Loads of Youtube vids to show you how.


----------



## bmd (Mar 14, 2010)

Yetman said:


> I bought it for £20 and it had already been x-clamped.



Has it been registered on the Xbox site? If not you could try to register it and then send it back for fixing. I had x-clamped mine and it worked for a bit then got the e74 error. I checked and it was out of warranty but with that error they will fix it even if it is out of warranty.


----------



## Yetman (Mar 15, 2010)

Gonna get a second hand one from ebay for £20 with a faulty disk drive and just swap the drives. I want a HDMI model anyway, but I might try and send it back to ms to get it fixed as well just in case.

If not then I'll try the heating and grill removal, and if that doesnt work then I'll practice my golf technique with it in the garden


----------



## Addy (Mar 15, 2010)

Yetman said:


> Gonna get a second hand one from ebay for £20 with a faulty disk drive and just swap the drives. I want a HDMI model anyway, but I might try and send it back to ms to get it fixed as well just in case.
> 
> If not then I'll try the heating and grill removal, and if that doesnt work then I'll practice my golf technique with it in the garden


 
You do know you have to extract the key off the old drive and spoof it on the new drive?


----------



## dlx1 (Mar 15, 2010)

> BMD
> Has it been registered on the Xbox site?

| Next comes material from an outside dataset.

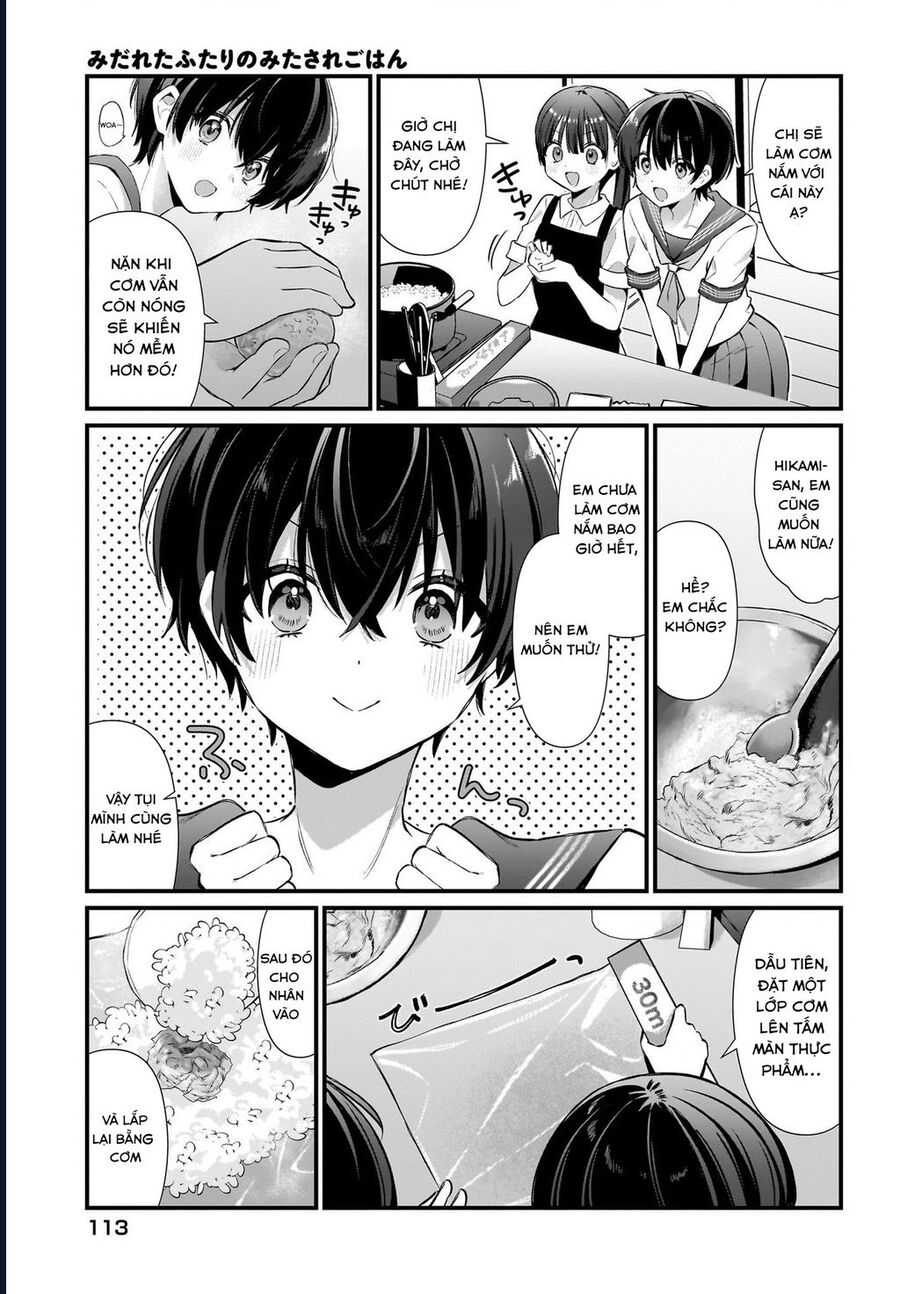 Midareta Futari No Mitasare Gohan: Chapter 4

If not you could try to register it and then send it back for fixing.



Would they still take a look at fixing it even tho the side panle got a bloody big hole in it


----------



## Yetman (Mar 16, 2010)

Addy said:


> You do know you have to extract the key off the old drive and spoof it on the new drive?



What?! I didnt know that no. Shit. So I'd have to get a new disk drive anyway! Bollocks man....I'm just gonna buy a new one then


----------



## haZe36 (Mar 16, 2010)

Yetman, does it work out of the case or does it go straight to 3rrod?


----------



## Yetman (Mar 16, 2010)

No it doesnt work out of the case and its only got one red ring


----------



## haZe36 (Mar 16, 2010)

Ah sorry, thought you had the 3 lights...should have read the OP properly.

http://xbox-experts.com/errorcode/E74/1022/

I'd bake it anyway, flux (optional) and heatgun. You haven't got much to lose and it's worked for plenty of people.

Be certain to insulate the capacitors, then double up with aluminium foil and tape down. Use a medium setting on the gun for about 3 minutes in a circular motion.

Don't go menthol and hopefully you'll be good to go!


----------



## Yetman (Mar 16, 2010)

Well I just put it back together and tried to register it, they are going to send me an email which I have to attach proof of purchase to then they'll accept it back for a repair, however they reckon its £80 to repair it. I did note a refund of repair thing on the MS help site but that might have expired now 

Gonna try and get another one, a HDMI one off ebay anyway. 

Cheers for the tips people, if nothing else works then I'll rebake it properly. Probably in the oven


----------



## haZe36 (Mar 18, 2010)

Ah crap, seems I've spoken too soon.

After about 20 hours of play (not continuous ) mine has thrown up the 3 red lights again.

Error code 0110 which I think is the ram chips 

I think I'll try the penny trick before heatgunning it again.


----------